Further on in Hebrews 11 we read verses 32 through 38. “And what more shall I say? I do not have time to tell about Gideon, Barak, Samson and Jephthah, about David and Samuel and the prophets, who through faith conquered kingdoms, administered justice, and gained what was promised; who shut the mouths of lions, quenched the fury of the flames, and escaped the edge of the sword; whose weakness was turned to strength; and who became powerful in battle and routed foreign armies. Women received back their dead, raised to life again. There were others who were tortured, refusing to be released so that they might gain an even better resurrection. Some faced jeers and flogging, and even chains and imprisonment. They were put to death by stoning; they were sawed in two; they were killed by the sword. They went about in sheepskins and goatskins, destitute, persecuted and mistreated— the world was not worthy of them. They wandered in deserts and mountains, living in caves and in holes in the ground.”

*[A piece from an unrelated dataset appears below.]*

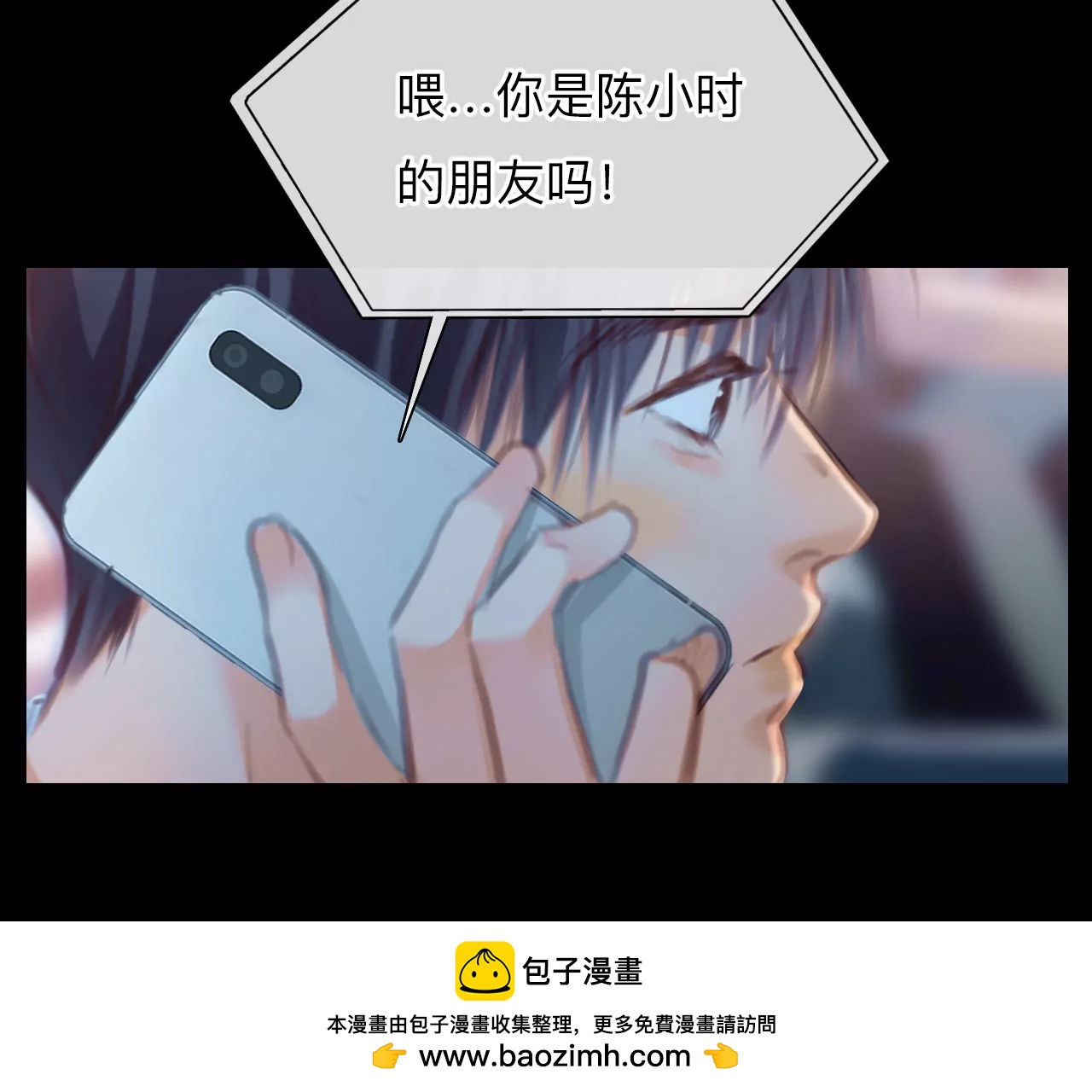 第39话：何朝暮的回忆（6）(1/2)-第38话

As Pastor John agreed with us, all that really didn' t sound like a blessing Yet we soon realize that the faith held by those people was incomparably the greatest blessing. He then remembered Jim Elliot and his fellow missionaries who went to a remote region of Ecuador in 1956 to spread the Gospel. He knew before he went that it was very dangerous, and he was killed before he could get going in his work. But his wife and others came after him, and their forgiving example won converts belief in the Christ as nothing else could have. Jim Elliot's attitude was profoundly simple: “He is no fool who gives what he cannot keep to gain that which he cannot lose. He is no fool who parts with that which he cannot keep, when he is sure to be recompensed with that which he cannot lose”. If the author of Hebrews were writing today, surely he would include Jim Elliot as a hero of faith.

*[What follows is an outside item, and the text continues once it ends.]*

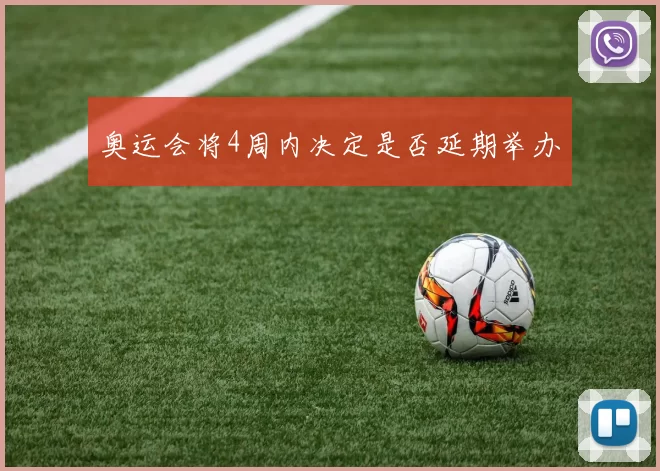奥运会将4周内决定是否延期举办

The Gospel is heart surgery, by which the Savior removes our hearts of stone and replaces it with hearts of flesh. As we cannot ascend to heaven on our own, God came down to where we are to give us hope and eternal blessing. Becoming better people is not what the Gospel is about. Nor a better life. All this temporal stuff we worry about every day won't matter. Whether or not we each have eternal life is the bottom line.

We summed up our installment in Freedom in Christ by reading John 17:3 “Now this is eternal life: that they know you, the only true God, and Jesus Christ, whom you have sent”

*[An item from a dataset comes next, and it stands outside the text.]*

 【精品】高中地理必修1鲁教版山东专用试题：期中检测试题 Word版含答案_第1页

Truly, next to this whatever else we know...is dust.

08/16/2020 - BYM Worship

8/19/2020

 
​Fellows, we are into our fourth week of Freedom in Christ. Lord's Day last Pastor John read from Paul's letter to the Galatians, chapter 3 verses 1 through 5 “You foolish Galatians! Who has bewitched you? Before your very eyes Jesus Christ was clearly portrayed as crucified. I would like to learn just one thing from you: Did you receive the Spirit by the works of the law, or by believing what you heard? Are you so foolish? After beginning by means of the Spirit, are you now trying to finish by means of the flesh? Have you experienced so much in vain—if it really was in vain? So again I ask, does God give you his Spirit and work miracles among you by the works of the law, or by your believing what you heard?”

The Apostle Paul could well ask each of us that same question: “does God give you his Spirit and work miracles among you by the works of the law, or by your believing what you heard?”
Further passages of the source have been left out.